Boundaries are explicit - yep, hard to argue. But what does this actually say? How about this instead: "All exchanges of data, metadata, logic or other binary asset MUST BE exchanged through a contract. Runtime changes to code dependencies are NOT allowed."

Services are autonomous - Most people know that I firmly believe that "services are not autonomous", they are synergistic. Services work together in a 'service ecosystem'. Services will influence each others metadata. In no way are services autonomous.

Services share schema and contract, not class - I believe the point is that you want to share data using self describing, self validating, extensible schema systems that are ubiquitously deployed. That's cool - use an abstract typing system.

Service compatibility is based on policy - Yes. Agreed.

The patterns group then identified some "anti-patterns" or things not to do:
1. Avoid CRUDy interfaces. Don't use the CRUD pattern.
Guys - this is so wrong I felt sorry for them. After listening to them babble on this for a while all credibility was lost. I think what they meant to say is "Use CRUD, but don't violate the age-old wisdom around fully encapsulating and abstracting the persistence mechanisms. "

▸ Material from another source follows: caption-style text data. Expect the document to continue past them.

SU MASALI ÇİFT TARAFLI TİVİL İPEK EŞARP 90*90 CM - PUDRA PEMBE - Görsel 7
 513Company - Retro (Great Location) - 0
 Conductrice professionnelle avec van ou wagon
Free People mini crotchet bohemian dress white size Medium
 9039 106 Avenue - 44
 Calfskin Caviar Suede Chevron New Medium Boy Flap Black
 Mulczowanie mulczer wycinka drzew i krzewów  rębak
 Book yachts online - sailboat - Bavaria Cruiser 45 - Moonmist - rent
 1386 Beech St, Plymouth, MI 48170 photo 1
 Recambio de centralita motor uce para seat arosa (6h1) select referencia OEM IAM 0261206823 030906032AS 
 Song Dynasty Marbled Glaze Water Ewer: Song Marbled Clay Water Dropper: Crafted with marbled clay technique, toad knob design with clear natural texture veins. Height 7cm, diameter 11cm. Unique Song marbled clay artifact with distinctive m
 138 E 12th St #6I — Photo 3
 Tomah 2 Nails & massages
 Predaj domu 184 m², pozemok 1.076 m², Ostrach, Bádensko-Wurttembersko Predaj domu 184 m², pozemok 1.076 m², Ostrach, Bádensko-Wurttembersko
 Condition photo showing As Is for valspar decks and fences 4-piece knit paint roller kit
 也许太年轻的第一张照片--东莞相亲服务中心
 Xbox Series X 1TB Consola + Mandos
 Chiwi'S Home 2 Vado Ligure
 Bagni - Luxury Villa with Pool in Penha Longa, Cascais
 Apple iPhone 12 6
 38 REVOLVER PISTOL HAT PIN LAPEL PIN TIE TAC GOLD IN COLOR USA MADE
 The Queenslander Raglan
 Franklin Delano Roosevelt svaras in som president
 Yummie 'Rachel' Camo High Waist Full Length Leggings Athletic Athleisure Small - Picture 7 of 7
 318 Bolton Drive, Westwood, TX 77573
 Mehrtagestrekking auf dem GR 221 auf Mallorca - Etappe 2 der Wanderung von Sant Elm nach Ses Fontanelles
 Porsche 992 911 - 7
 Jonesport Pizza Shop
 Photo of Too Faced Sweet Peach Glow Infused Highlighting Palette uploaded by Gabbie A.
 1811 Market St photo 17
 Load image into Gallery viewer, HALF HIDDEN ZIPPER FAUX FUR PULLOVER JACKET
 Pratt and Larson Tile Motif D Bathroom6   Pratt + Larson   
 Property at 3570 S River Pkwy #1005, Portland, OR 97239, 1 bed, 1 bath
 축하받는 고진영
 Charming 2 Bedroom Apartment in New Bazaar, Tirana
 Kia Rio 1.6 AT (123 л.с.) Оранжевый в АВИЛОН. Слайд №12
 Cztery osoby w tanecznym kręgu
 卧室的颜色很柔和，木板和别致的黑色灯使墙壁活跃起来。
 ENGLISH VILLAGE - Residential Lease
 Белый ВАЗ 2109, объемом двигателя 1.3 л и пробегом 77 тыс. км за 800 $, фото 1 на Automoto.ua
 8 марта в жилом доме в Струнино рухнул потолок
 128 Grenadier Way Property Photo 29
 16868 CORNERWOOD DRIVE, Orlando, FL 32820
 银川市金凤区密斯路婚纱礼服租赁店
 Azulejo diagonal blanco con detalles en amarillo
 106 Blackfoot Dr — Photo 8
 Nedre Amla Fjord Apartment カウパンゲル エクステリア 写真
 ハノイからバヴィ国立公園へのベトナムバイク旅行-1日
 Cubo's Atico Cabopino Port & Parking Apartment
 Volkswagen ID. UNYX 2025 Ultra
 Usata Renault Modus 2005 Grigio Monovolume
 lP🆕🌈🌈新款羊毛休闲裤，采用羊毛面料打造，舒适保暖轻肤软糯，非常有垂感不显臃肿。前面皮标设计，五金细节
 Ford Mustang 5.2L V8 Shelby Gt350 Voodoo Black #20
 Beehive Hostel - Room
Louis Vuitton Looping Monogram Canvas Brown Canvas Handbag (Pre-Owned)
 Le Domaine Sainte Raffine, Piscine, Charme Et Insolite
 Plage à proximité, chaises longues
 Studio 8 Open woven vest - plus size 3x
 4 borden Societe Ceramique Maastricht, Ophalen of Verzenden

The second anti-pattern was avoid "loosely goosey" interfaces. The example they used was something like "runQuery(qry)". This one is tougher. If you really don't know what query combination needs to be run at design time then... you pretty much need something like "runQuery(qry)". This gets into a real interesting space that I wish MS would have talked about. Is it ok to pass XPath statement? Is it ok to pass an XQuery command? What is the right way to solve the runtime predicate problem? Surely the answer isn't "don't solve it". What about the surrogate key problem - where the only primary key is vendor specific key?

The list goes on and on... MS has the brains to do this stuff right. I wish they would ask some of their smart people to help the patterns & practice group get this stuff right.